- **Exercise requirements**
With the images removed, return every line below exactly as it reads.

- **Dataset content**
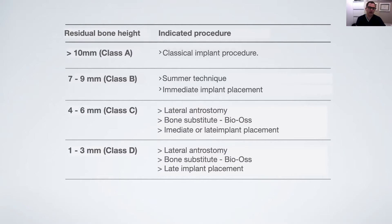For residual bone height between four to six millimeters, you have other options. You can perform a sinus lift with lateral antrostomy using bone substitutes like Bio-Oss. You can place an implant immediately or late — you have these two options of implant placement. It depends on the situation, the density of the bone, and the experience of the surgeon. For residual bone height between one to three millimeters, we always perform a lateral antrostomy using the lateral window approach, graft the sinus with bone substitutes like Bio-Oss, wait for healing, and then place implants later.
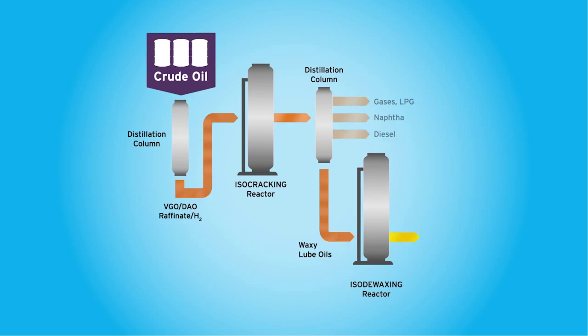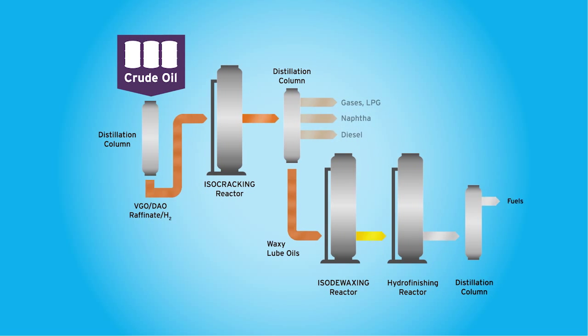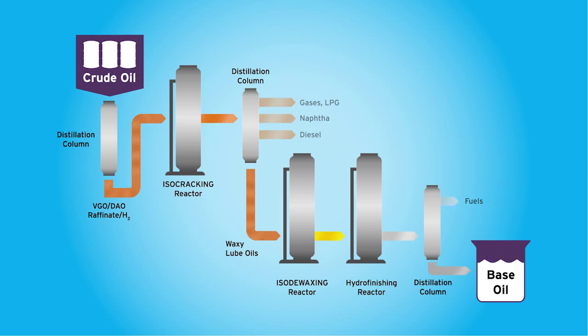And then in the fourth step, it goes to what we call a hydro finisher, which improves the stability of the product so that it lasts longer in operation.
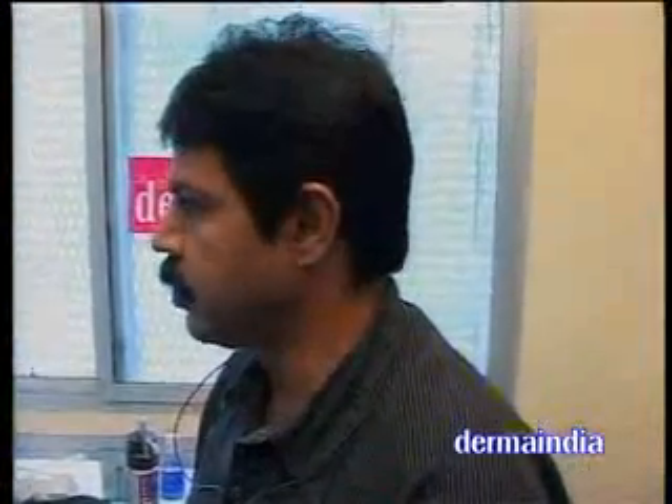Next is going to be a radio frequency session by Dr. Rajkumar. He is an assistant professor in the department of dermatology. Questions from the audience.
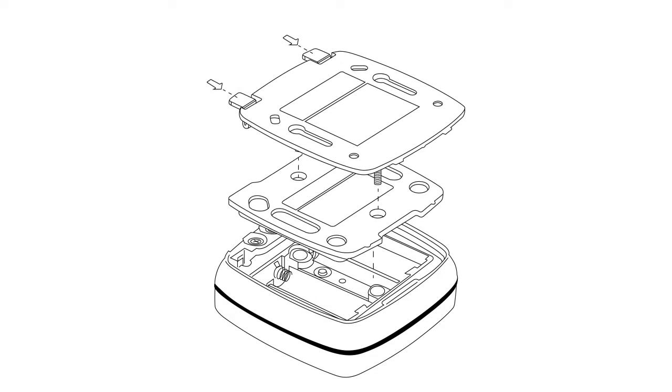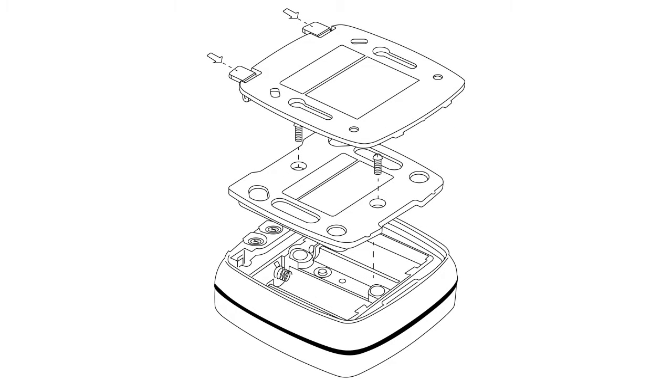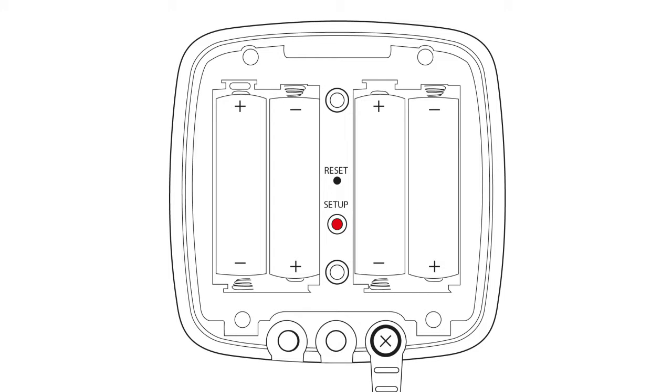Once you've attached your probe and inserted your batteries into the EL Mote, you are ready for setup. Do not replace the backing plate at this stage — you will need to access this area in setup.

- **Answer to this exercise**
For residual bone height between four to six millimeters, you have other options. You can perform a sinus lift with lateral antrostomy using bone substitutes like Bio-Oss. You can place an implant immediately or late — you have these two options of implant placement. It depends on the situation, the density of the bone, and the experience of the surgeon. For residual bone height between one to three millimeters, we always perform a lateral antrostomy using the lateral window approach, graft the sinus with bone substitutes like Bio-Oss, wait for healing, and then place implants later.
And then in the fourth step, it goes to what we call a hydro finisher, which improves the stability of the product so that it lasts longer in operation.
Next is going to be a radio frequency session by Dr. Rajkumar. He is an assistant professor in the department of dermatology. Questions from the audience.
Once you've attached your probe and inserted your batteries into the EL Mote, you are ready for setup. Do not replace the backing plate at this stage — you will need to access this area in setup.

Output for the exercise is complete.